Some `processors` properties are no-ops, classic-only, or have moved to
`processors.advanced` for the Flink processor. The following table lists the
properties that need attention when migrating.

| Property | Action when migrating to Flink |
| :-- | :-- |
| `on_failed_retry_interval` | No-op. Remove. |
| `duration` | No-op. Use `read_batch_timeout_ms` instead. |
| `dedup`, `dedup_max_size`, `dedup_strategy` | Classic-only. Remove. |
| `enable_async_processing`, `batch_queue_size`, `ack_queue_size` | Classic-only. Remove. |
| `initial_sync_processes` | Classic-only.
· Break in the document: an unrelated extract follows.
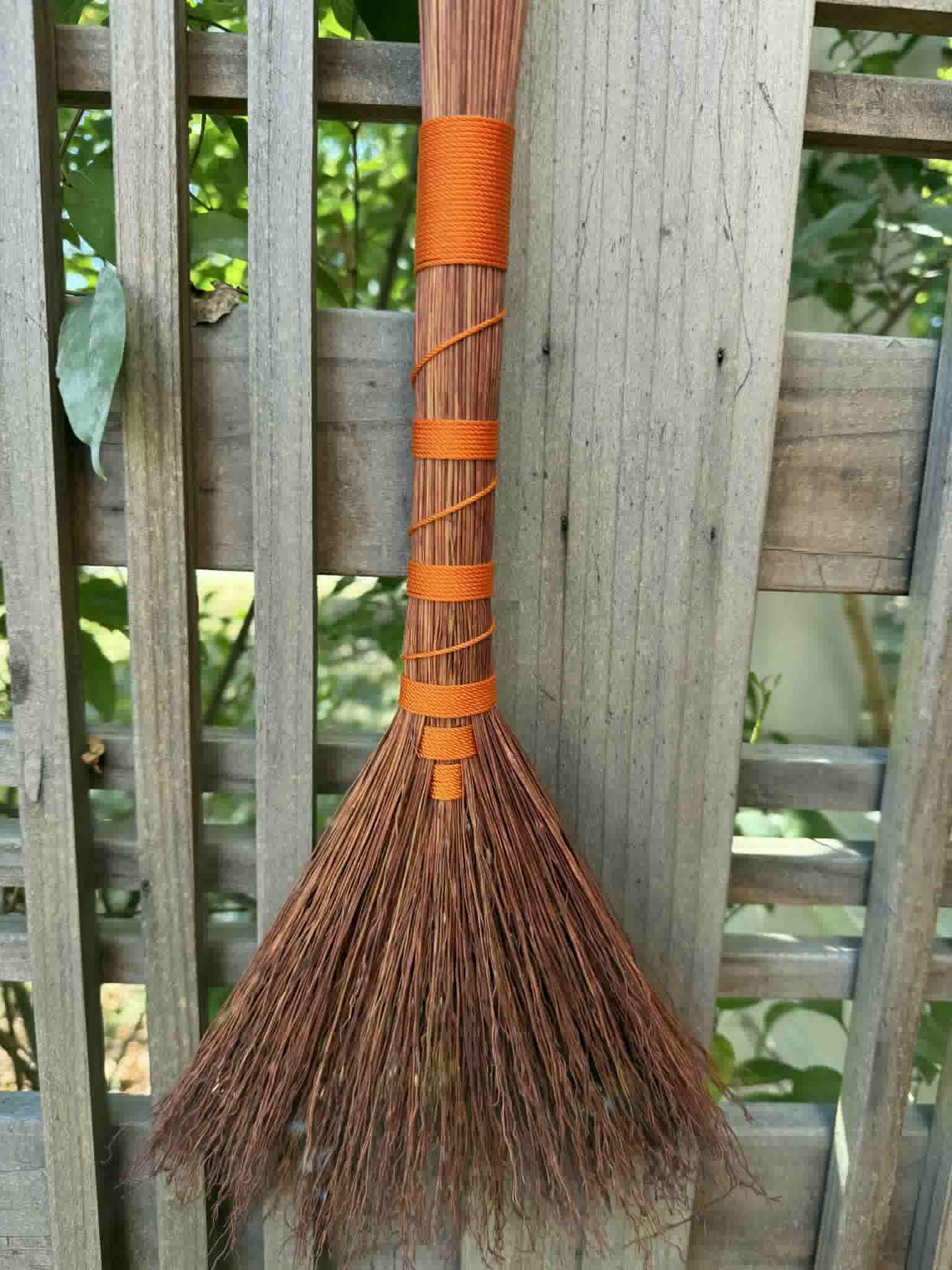 101 KIT ONLY - Cornucopia - Hawk Tail - Image 2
Configure parallelism through `advanced.flink.taskmanager.numberOfTaskSlots` and `advanced.resources.taskManager.replicas` instead. |
| `idle_streams_check_interval_ms`, `busy_streams_check_interval_ms` | Classic-only. Use `processors.advanced.source.discovery.interval.ms` for a single discovery interval. |
| `idle_sleep_time_ms` | Classic-only. Remove. |
| `use_native_json_merge` | Classic-only. The Flink processor always uses `JSON.MERGE` when the target supports it. |

The classic processor silently ignores `processors.advanced`,
and the Flink processor silently ignores classic-only top-level properties, so keeping
both top-level properties and their `processors.advanced` equivalents lets
you switch back without further edits.

## Step 4: Tune the Flink processor (optional)
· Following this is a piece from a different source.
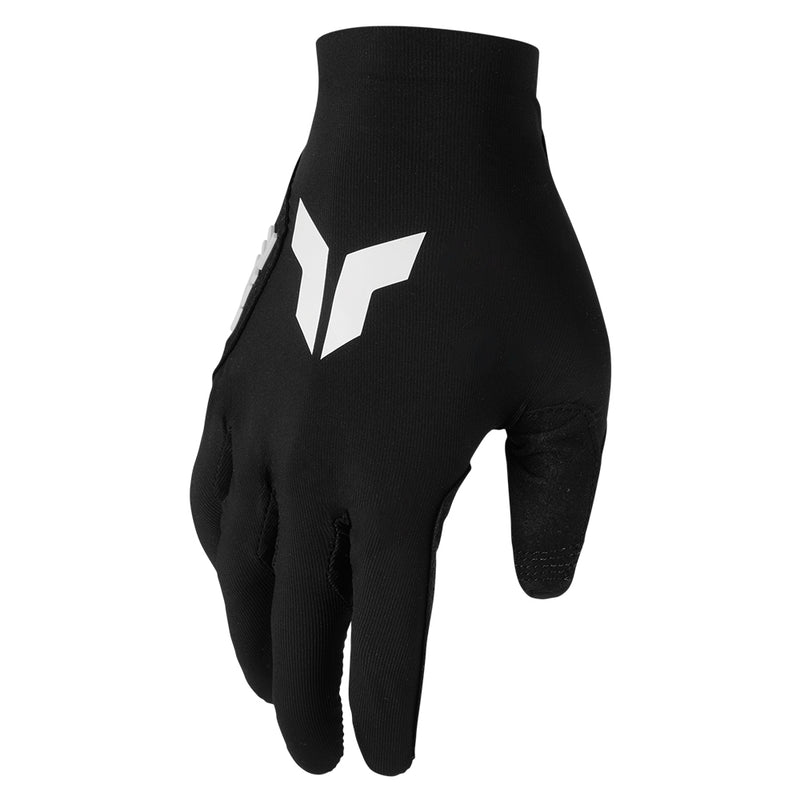 Load image into Gallery viewer, THOR GLOVE SPORT BLACK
Fine-tune the Flink processor through the `processors.advanced` section.
For example:

```yaml
processors:
  type: flink
  advanced:
    source:
      # Time between checks for new input streams.
      discovery.interval.ms: 1000
    target:
      # Verify writes are replicated before acknowledging.
      wait.enabled: true
      wait.write.timeout.ms: 1000
    flink:
      # Number of parallel task slots per TaskManager pod.
      taskmanager.numberOfTaskSlots: 2
      # Total memory budget for each TaskManager JVM process.
      taskmanager.memory.process.size: 4096m
    resources:
      taskManager:
        # Number of TaskManager pods.
        replicas: 2
```

See the
[`processors.advanced` reference](https://redis.io/docs/latest/integrate/redis-data-integration/reference/config-yaml-reference#processors)
for the full set of available properties.

## Step 5: Update observability

The Flink processor exposes Prometheus metrics directly
from the Flink JobManager and TaskManager pods.
See
[Flink processor metrics](https://redis.io/docs/latest/integrate/redis-data-integration/observability#flink-processor-metrics)
for the `ServiceMonitor` configuration and the available metrics.

## Rolling back

To revert a pipeline to the classic processor, set `processors.type` back to
`classic` (or remove the property) and redeploy the pipeline. The
`processors.advanced` section is silently ignored by the classic processor,
so you don't need to remove it before switching back.